S105, acquiring the texture type of the image to be identified based on the first enhanced image feature and the second enhanced image feature.

After the first enhanced image feature and the second enhanced image feature are obtained, the two enhanced image features are fused, and a final image feature is obtained. Optionally, the first enhanced image feature and the second enhanced image feature are weighted to obtain a final target image feature. The first enhanced image features and the second enhanced image features enable the intensity of the image features to be higher, and are more beneficial to improving the accuracy of image recognition.

After the final target image feature is obtained, classifying and identifying are carried out based on the final target image feature, so that the texture type of the image to be identified can be obtained. Optionally, classifying and identifying the target image features based on the trained texture classification model, and finally outputting the texture types corresponding to the image to be identified. For example, texture types may include soil materials, road surfaces, foliage, and the like.

The image recognition method provided by the disclosure comprises the steps of obtaining an image to be recognized, extracting image features of the image to be recognized, performing dimension reduction processing on the image features, obtaining dimension reduction image features, enhancing the dimension reduction image features on a feature extraction channel to obtain first enhanced image features, enhancing the dimension reduction image features on pixels to obtain second enhanced image features, and obtaining texture types of the image to be recognized based on the first enhanced image features and the second enhanced image features. In the method, after the image features are acquired, feature enhancement is performed in two aspects respectively to enhance the expression capability of the features, and sufficient image features can be provided to improve the accuracy of classifying and identifying the texture types of the images.

Fig. 2 is a flow chart of an image recognition method according to another embodiment of the present disclosure. As shown in fig. 2, the image recognition method specifically includes the following steps:

s201, acquiring an image to be identified, and extracting image features of the image to be identified.

S202, performing dimension reduction processing on the image features to obtain a first dimension reduction feature matrix and a second dimension reduction feature matrix.

The feature elements in the same row in the first dimension-reduction feature matrix belong to the same feature extraction channel, one column element corresponds to one pixel, and the second dimension-reduction feature matrix is a transposed matrix of the first dimension-reduction feature matrix. In the present disclosure, the dimension-reduced image feature may include a first dimension-reduced feature matrix and a second dimension-reduced feature matrix, where the two dimension-reduced feature matrices are used to obtain a first enhanced image feature and a second enhanced image feature.

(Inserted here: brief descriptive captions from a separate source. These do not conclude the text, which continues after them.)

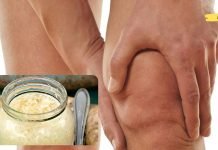 სახსრების ტკივილის და შეშუპების დროს მიიღეთ პირშუშხას ნაყენი. მისი ეფექტიურობა დადასტურებულია..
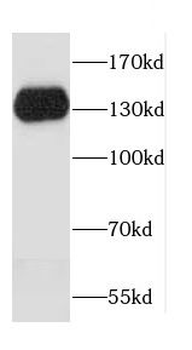 CDH16 Rabbit Polyclonal Antibody
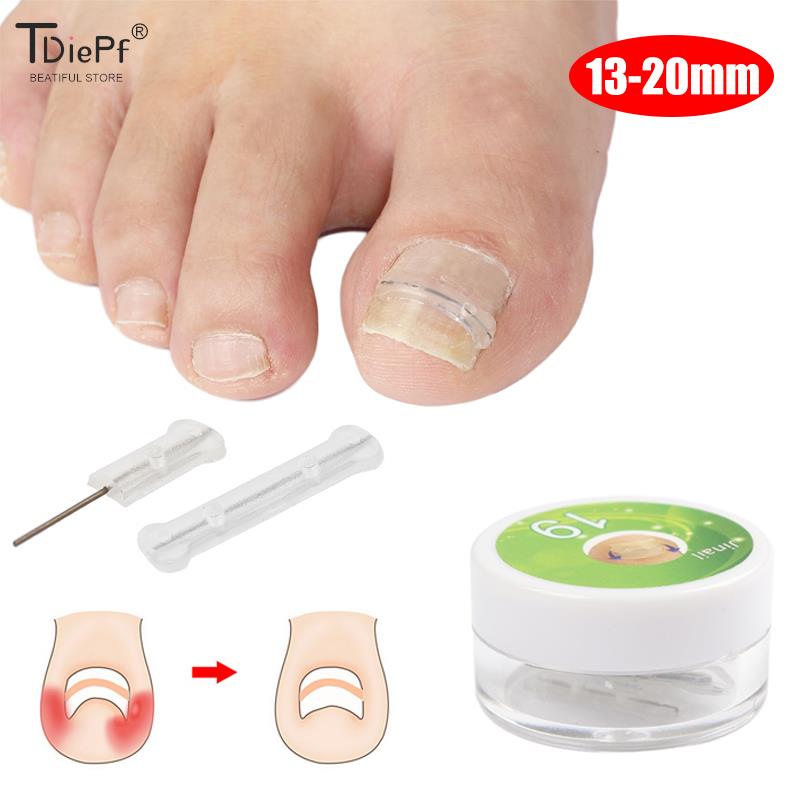 Best of 10pc / box Ingrown Toenail Correction Tool Ingrown Toe Nail Treatment Elastic Patch Sticker Straightening Clip Brace Pedicure Tool Reviews & Tips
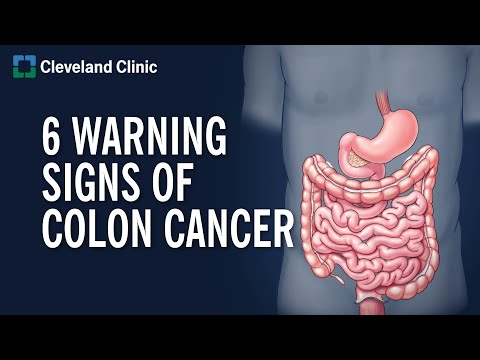 How do you know if your colon is clean?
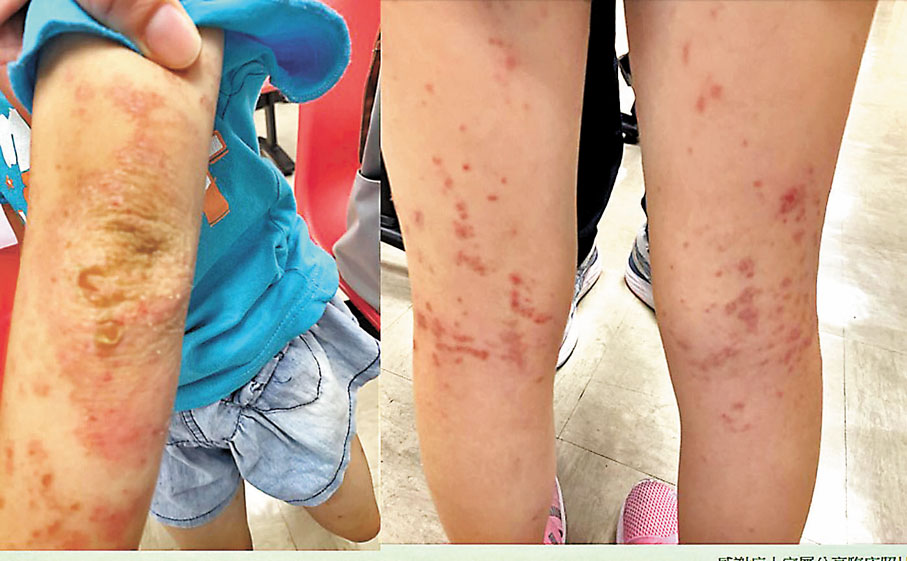 ◆個別長新冠兒童患者會出現濕疹症狀。病人家屬供圖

The same feature information in the image feature may be described from multiple dimensions in an implementation, e.g., one feature information may be described from dimensions such as feature extraction channels, feature lengths, and feature widths. In order to reduce the amount of data processing and to enable multiplication of matrices, in embodiments of the present disclosure, dimension reduction processing may be performed on image features. Optionally, two dimensions of the feature length and the feature width in the image feature may be fused to obtain a first dimension reduction feature matrix and a second dimension reduction feature matrix.

And S203, acquiring a first enhanced image feature and a second enhanced image feature based on the first dimension reduction feature matrix and the second dimension reduction feature matrix.

The process of acquiring the first enhanced image feature includes: multiplying the first dimension-reduction feature matrix by the second dimension-reduction feature matrix to obtain a first weight matrix corresponding to the feature extraction channel, and obtaining the first enhanced image feature based on the image feature and the first weight matrix. Optionally, performing convolution operation on the image feature to obtain a first intermediate feature matrix, multiplying the first weight matrix with the first intermediate feature matrix to obtain a second intermediate feature matrix, and adding the first intermediate feature matrix and the second intermediate feature matrix to obtain the first enhanced image feature. In the embodiment of the disclosure, the feature extraction channel is subjected to feature enhancement, namely the feature extraction capability of the feature channel is enhanced, and the strength of extracted image features is higher, so that the accuracy of image recognition can be improved.

The first enhanced image feature acquisition process is explained below with reference to fig. 3, and as shown in fig. 3, the feature enhancement module at the channel level includes a convolution unit 31, a convolution unit 32, a convolution unit 33, a first matrix multiplication unit 34, a normalization unit 35, a second matrix multiplication unit 36, and an adder 37.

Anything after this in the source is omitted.